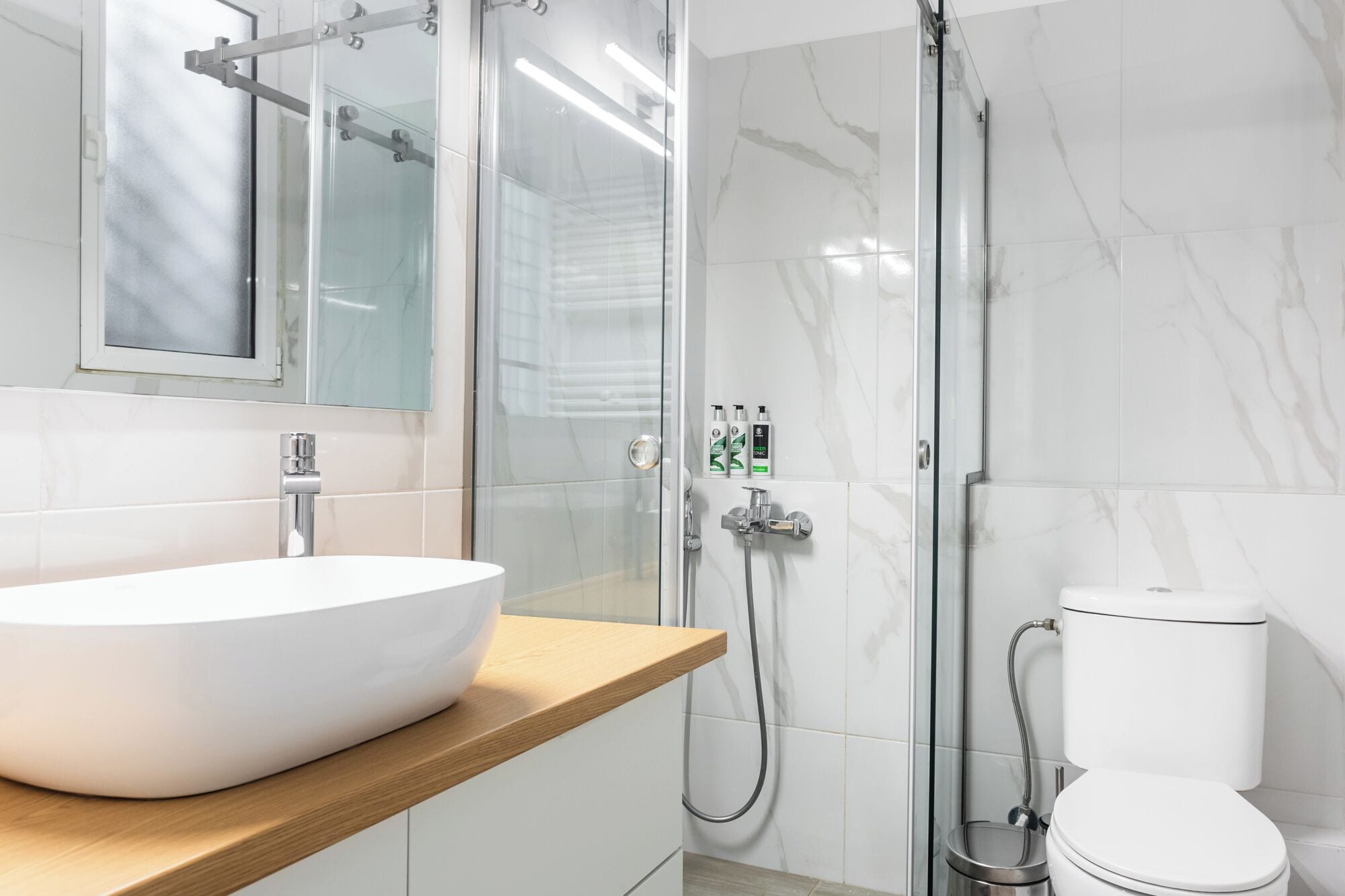 A modern bathroom with a large white sink, a glass shower enclosure, and a toilet.
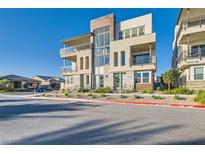 Modern three-story building with multiple units and balconies at 10005 Hematite Pl # 3, Las Vegas, NV 89143
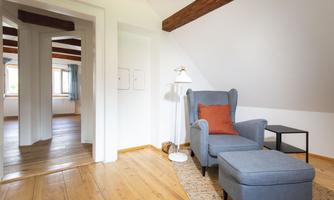 A cozy room with a blue seating area and a small table. The floor is made of wood and the walls are painted white.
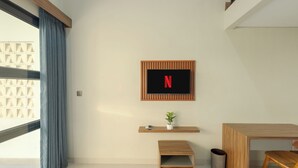Una camera moderna con una scrivania in legno, una piccola panca, una pianta e il logo Netflix sul muro.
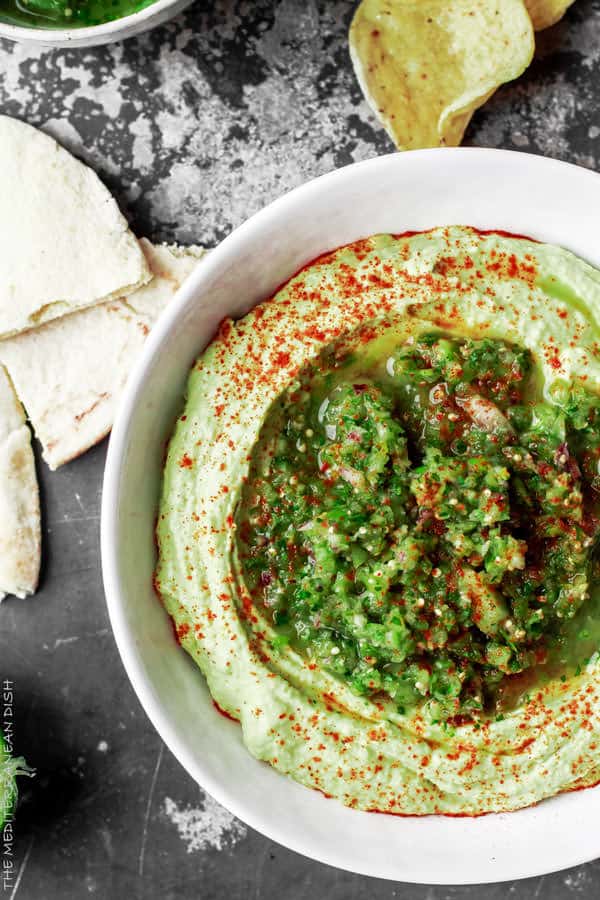 Avocado Hummus with Fresh Tomattillo Salsa Verde from The Mediterranean Dish! Super creamy avocado hummus topped with flavor packed fresh tomattillo salsa verde. Two amazing appetizer recipes combined! Step-by-step pictures included!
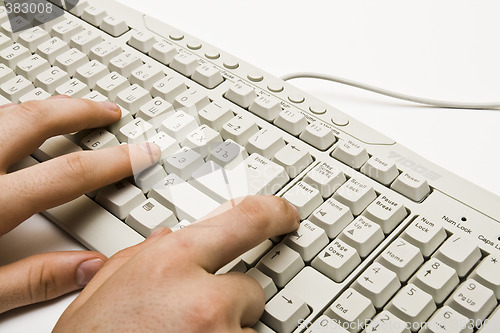 Image of Hand on keyboard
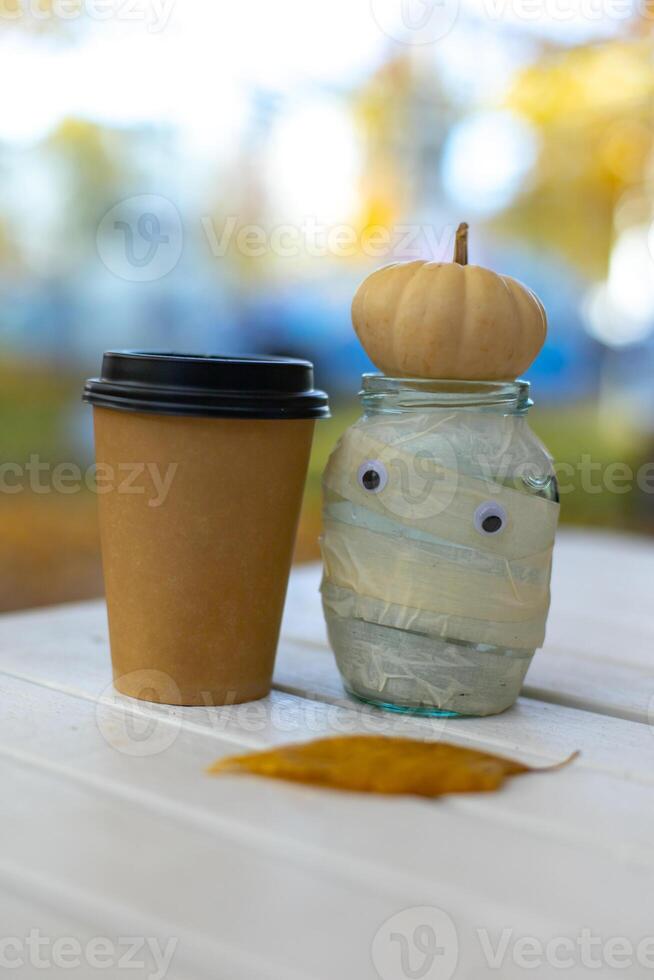 jar decor mummy with halloween pumpkin and craft glass with coffee on autumn bokeh background photo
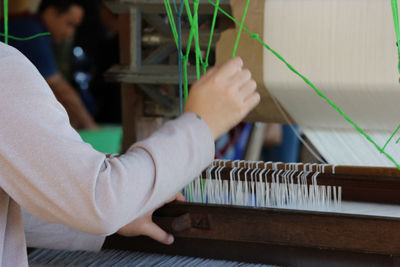 Midsection of person playing piano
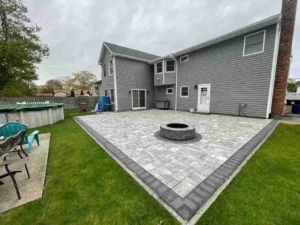 Backyard patio featuring a circular stone fire pit, surrounded by manicured grass and a modern home, showcasing landscape design by Soft Wind Landscape & Masonry in New York.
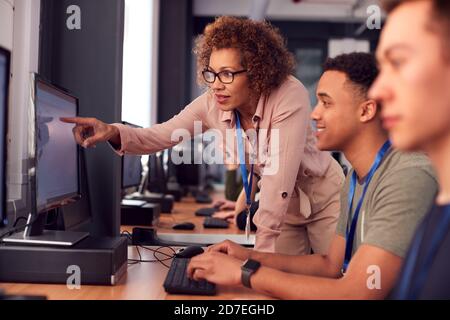 Group Of College Students With Tutor Studying Computer Design Sitting At Monitors In Classroom Stock Photo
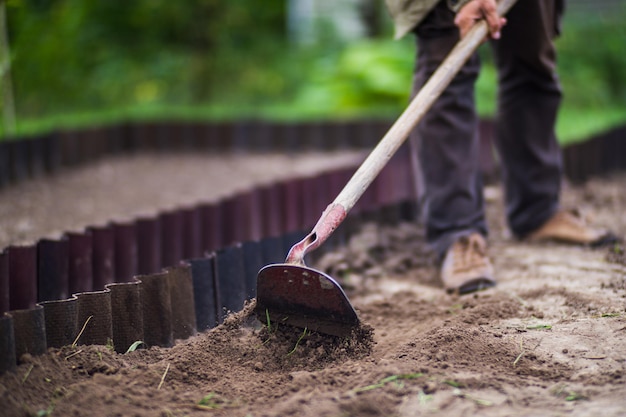 Boer cultiveert land in de tuin met handgereedschap Bodem losmaken Tuinconcept Landbouwwerkzaamheden op de plantage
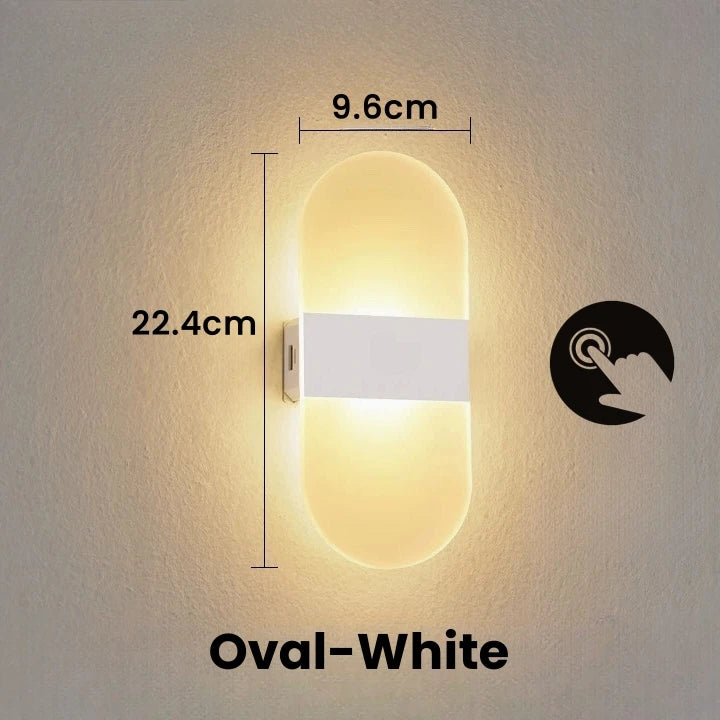 Wall-mounted oval light fixture with dimensions and a nightlight symbol on a neutral background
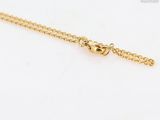 a gold chain with a heart charm on it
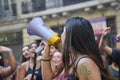 Woman singing, cheering her peers using a megaphone during the feminist strike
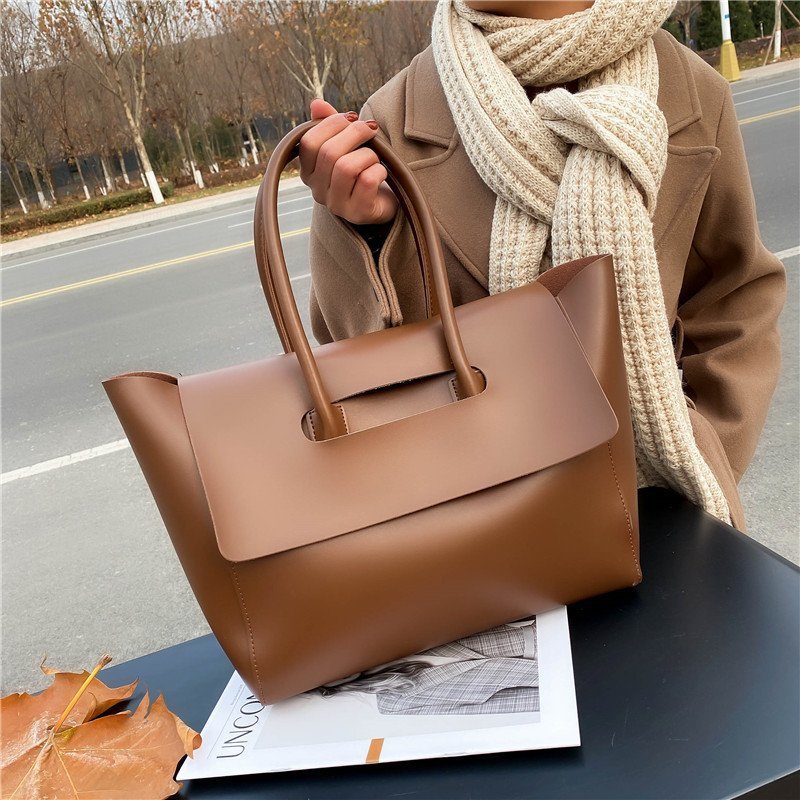 Person holding a brown handbag with a scarf and coat, standing on a road.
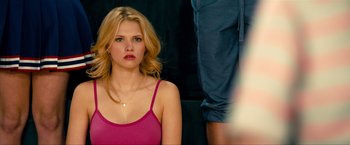 Movie still from “Kick-Ass 2” (2013), directed by Jeff Wadlow – A beautiful young lady sitting in front of a man; Close Up shot, Over the shoulder angle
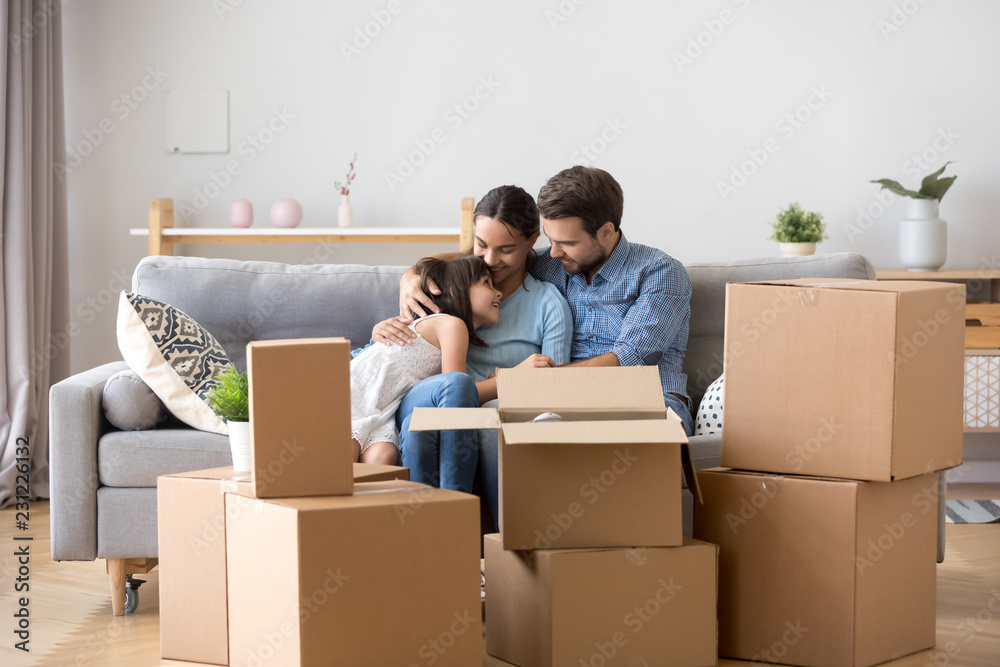 Diverse family parents and little daughter sitting together on sofa in living room at new home. People surrounded by carton boxes resting indoors. Buy new house and improve living conditions concept Diverse family parents and little daughter sitting together on sofa in living room at new home. People surrounded by carton boxes resting indoors. Buy new house and improve living conditions concept
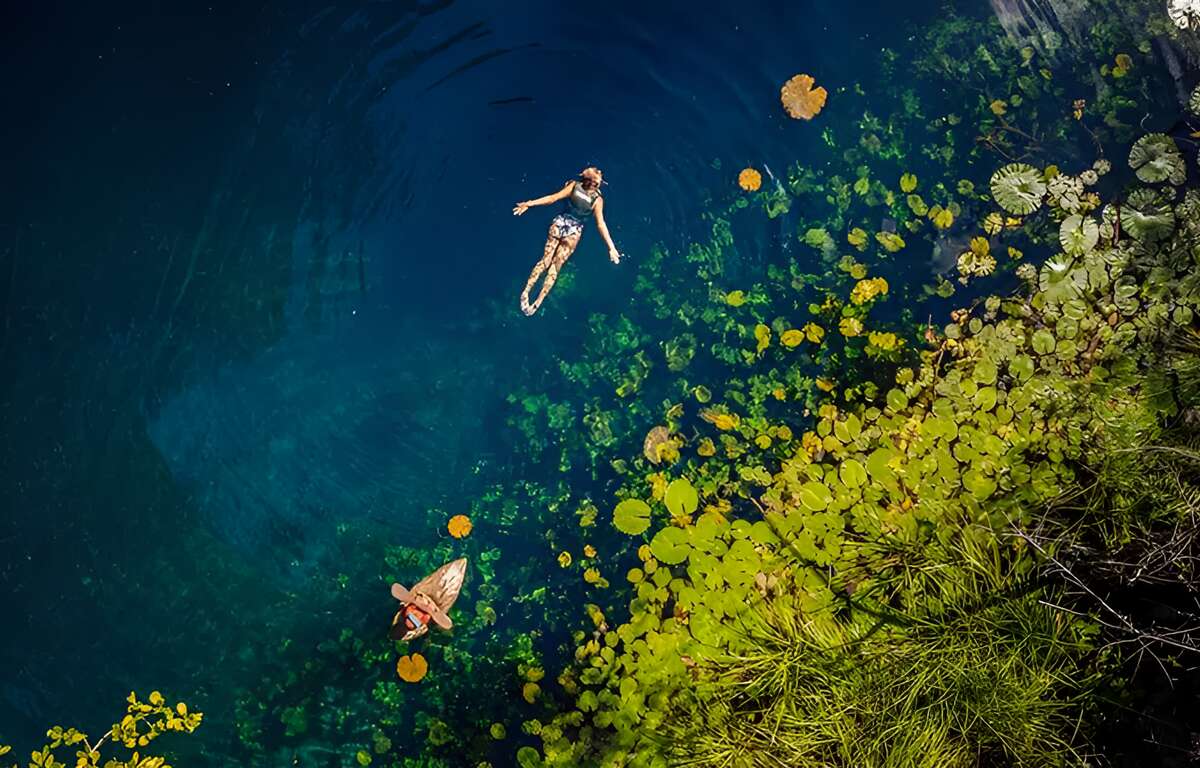 A woman swimming and a woman kayaking in a turquoise blue water cenote. Circular green leaves floating on the right side.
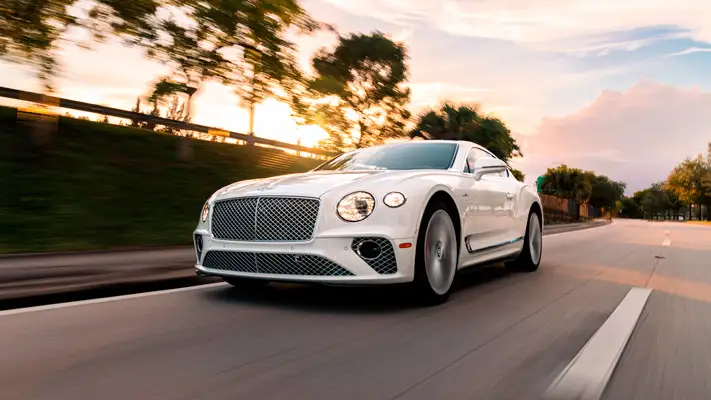 White on red Bentley GT rental Monaco rolling view mph club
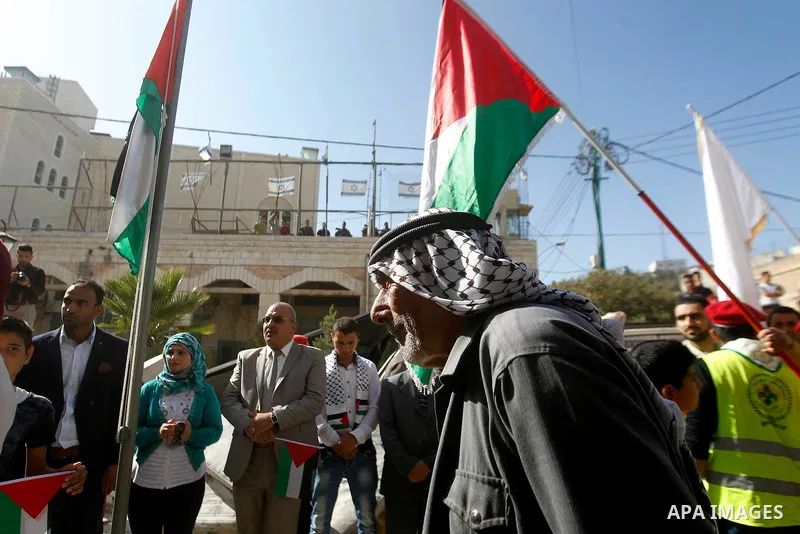 Palestinian scouts take part in a march marking the Palestinian national day of independence, in the West Bank city of Hebron on November 15, 2016. Photo by Wisam Hashlamoun
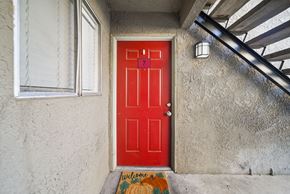 San Bernardino apartment for rent - A red door with a welcome mat in front of it.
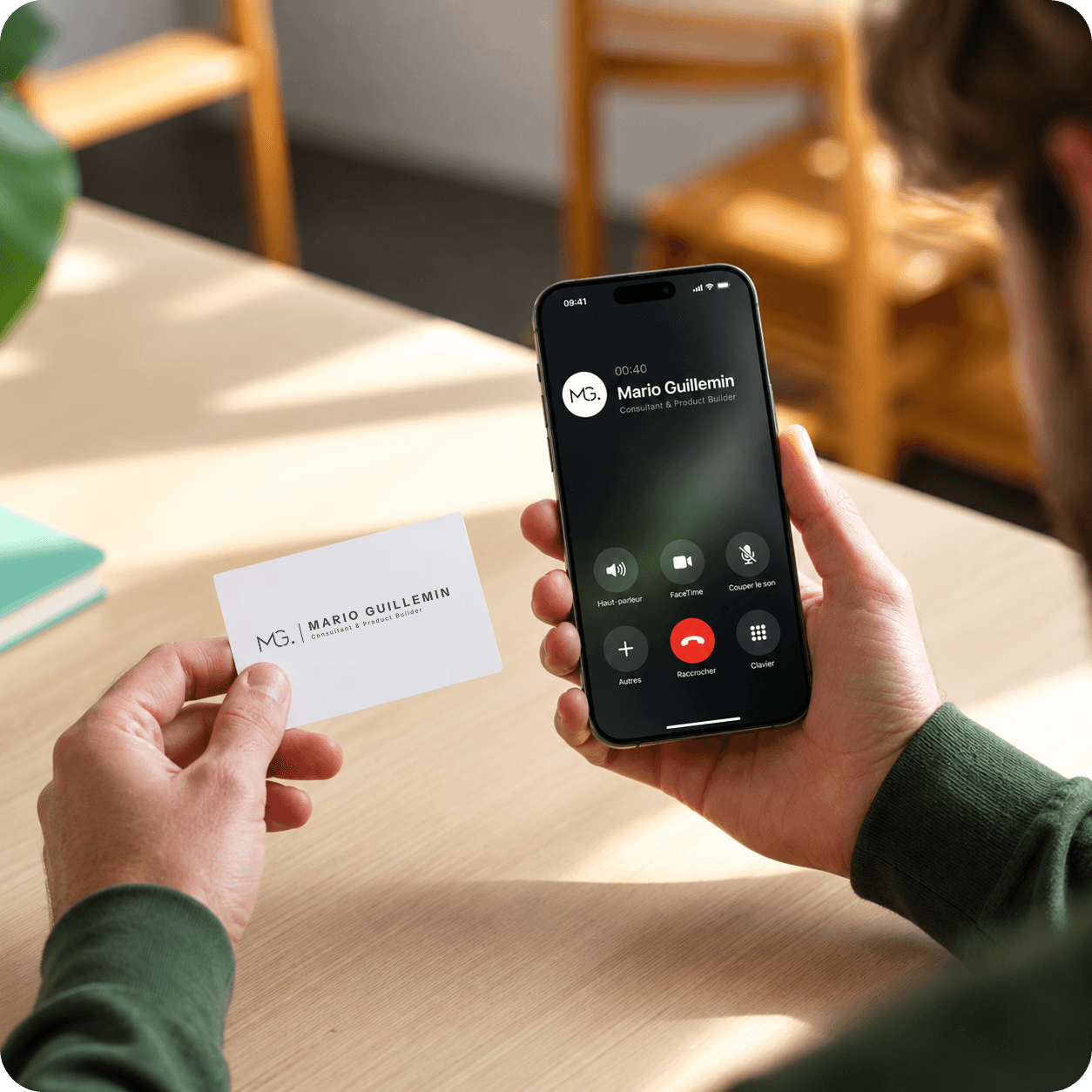 Une personne tient une carte de visite et un smartphone affichant un appel de Mario Guillemin, Consultant & Product Builder.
☆ ☆ ☆
_Activity_
Write out every line above again exactly, with the pictures left out.

_Your solution_
 A modern bathroom with a large white sink, a glass shower enclosure, and a toilet.
 Modern three-story building with multiple units and balconies at 10005 Hematite Pl # 3, Las Vegas, NV 89143
 A cozy room with a blue seating area and a small table. The floor is made of wood and the walls are painted white.
Una camera moderna con una scrivania in legno, una piccola panca, una pianta e il logo Netflix sul muro.
 Avocado Hummus with Fresh Tomattillo Salsa Verde from The Mediterranean Dish! Super creamy avocado hummus topped with flavor packed fresh tomattillo salsa verde. Two amazing appetizer recipes combined! Step-by-step pictures included!
 Image of Hand on keyboard
 jar decor mummy with halloween pumpkin and craft glass with coffee on autumn bokeh background photo
 Midsection of person playing piano
 Backyard patio featuring a circular stone fire pit, surrounded by manicured grass and a modern home, showcasing landscape design by Soft Wind Landscape & Masonry in New York.
 Group Of College Students With Tutor Studying Computer Design Sitting At Monitors In Classroom Stock Photo
 Boer cultiveert land in de tuin met handgereedschap Bodem losmaken Tuinconcept Landbouwwerkzaamheden op de plantage
 Wall-mounted oval light fixture with dimensions and a nightlight symbol on a neutral background
 a gold chain with a heart charm on it
 Woman singing, cheering her peers using a megaphone during the feminist strike
 Person holding a brown handbag with a scarf and coat, standing on a road.
 Movie still from “Kick-Ass 2” (2013), directed by Jeff Wadlow – A beautiful young lady sitting in front of a man; Close Up shot, Over the shoulder angle
 Diverse family parents and little daughter sitting together on sofa in living room at new home. People surrounded by carton boxes resting indoors. Buy new house and improve living conditions concept Diverse family parents and little daughter sitting together on sofa in living room at new home. People surrounded by carton boxes resting indoors. Buy new house and improve living conditions concept
 A woman swimming and a woman kayaking in a turquoise blue water cenote. Circular green leaves floating on the right side.
 White on red Bentley GT rental Monaco rolling view mph club
 Palestinian scouts take part in a march marking the Palestinian national day of independence, in the West Bank city of Hebron on November 15, 2016. Photo by Wisam Hashlamoun
 San Bernardino apartment for rent - A red door with a welcome mat in front of it.
 Une personne tient une carte de visite et un smartphone affichant un appel de Mario Guillemin, Consultant & Product Builder.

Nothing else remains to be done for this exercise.